Plan: | Benedeneind NZ 430a |
---|---|
Status: | vastgesteld |
Plantype: | bestemmingsplan |
IMRO-idn: | NL.IMRO.0331.01BenedenNZ430a-BP01 |
Het plangebied is gelegen in een bebouwingslint in de Lopikerwaard. In het landschapsontwikkelingsplan Groene Driehoek, vastgesteld in 2005, is het volgende geschreven over de bebouwingslinten: Een van de meest kenmerkende onderdelen van het landschap zijn de bebouwingslinten. Om het verschil tussen de linten aan te geven is een verschil gemaakt tussen dichtere hoofdlinten, opener nevenlinten en dijklinten. Het hoofdlint bestaat uit een wetering of riviertje met aan beide zijden een dichte bebouwing met erfbeplanting. Tussen de historische boerderijen, veelal langgevelboerderijen en een enkele krukboerderij, is in verschillende tijden nieuwe bebouwing geplaatst. Zo ligt tussen de boerderijlinten van de Lopikerwetering een derde lint van woningen. De linten langs weteringen zijn recht en de linten langs riviertjes hebben een bochtig verloop. En ontstaan vanuit de agrarische bedrijven andersoortige ondernemingen, die vaak haaks staan op het lint. De achterkade met beplanting vormt vaak de erfgrens. Tot de hoofdlinten behoren de lintbebouwingen van Polsbroek-Polsbroekerdam-Benschop en Zevender-Cabauw-Lopik-Lopikerkapel.
Ontwikkelingsdoelstellingen voor de Lopikerwaard, die relevant zijn voor het plangebied, zijn:
Landschappelijke inpassing
Bij de (her)inrichting van de camping wordt met deze doelstellingen rekening gehouden door het aanbrengen van een landschappelijke inpassing.
Het perceel en de ontwikkelingen daarop worden in hoofdlijnen landschappelijk ingepast door met bomen en beplanting de richting van het slagenlandschap te ondersteunen en te versterken. Ter plaatse van de waterlopen, de ontsluitingsstructuur van de camping en tussen de campingplaatsen in wordt in de richting van de slagen (noordwest-zuidoost) het perceel beplant met inheemse boomsoorten van het veengebied.
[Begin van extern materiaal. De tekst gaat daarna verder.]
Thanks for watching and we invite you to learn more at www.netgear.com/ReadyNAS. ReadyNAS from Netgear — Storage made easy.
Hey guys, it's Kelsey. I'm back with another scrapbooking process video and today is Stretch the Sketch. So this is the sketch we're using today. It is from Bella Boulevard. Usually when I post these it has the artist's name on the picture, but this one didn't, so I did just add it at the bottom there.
Aan de straatzijde van de camping vormt een groenstrook een bufferzone tussen de straat en de bebouwing. Deze strook wordt beplant met planten- en boomsoorten, waarbij van belang is dat er doorzichten aanwezig zijn, zodat recreatie zich kan etaleren aan de straatzijde en eveneens het open landschap daarachter zichtbaar is vanuit de straat.
De campingplaatsen worden van elkaar gescheiden door middel van hagen, die 1 tot 2 meter hoog zijn.
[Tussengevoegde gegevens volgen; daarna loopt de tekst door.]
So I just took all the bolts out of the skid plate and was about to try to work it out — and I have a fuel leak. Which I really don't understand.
Een dicht beplante erfafscheiding ten zuiden van de te ontwikkelen bed & breakfast draagt bij aan aangename buitenruimtes ervan.
De ruimte voor de toeristische plaatsen is een open grasveld waarbij geen fysieke scheiding tussen de staanplaatsen wordt aangebracht.
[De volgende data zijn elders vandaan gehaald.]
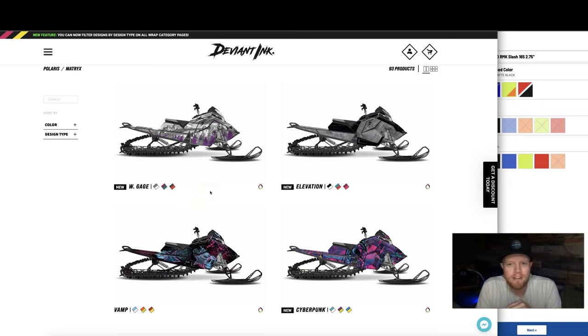Hey, it's Trevor here with Deviant Inc. I wanted to jump in real quick and show you a few tips and tricks on how to easily customize a Polaris Matrix sled wrap.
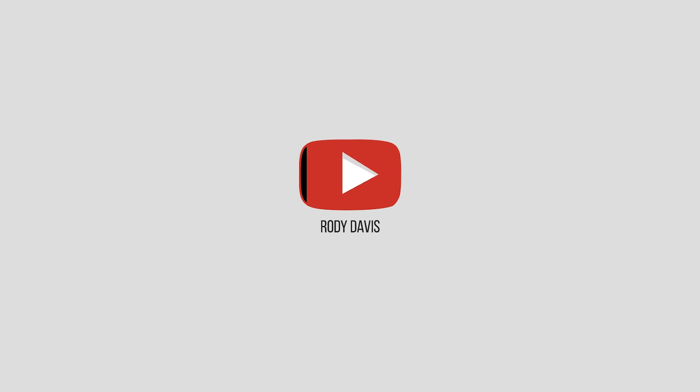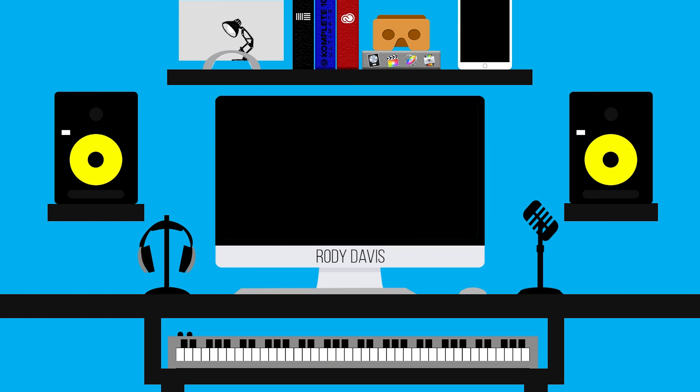Hey guys, in this video we're going to be talking about how to fix the touch disease on the iPhone 6 Plus. If you look up at the top left, you'll be able to see which tool I'm using the entire time.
Ten behoeve van de privacy van de eigenaren wordt de tuin van de bedrijfswoning afgeschermd door middel van een haag, die 1 tot 2 meter hoog is.
Voor alle locaties die hierboven worden genoemd geldt dat de beplanting dient te bestaan uit inheemse boom- en plantensoorten die voorkomen in het veengebied.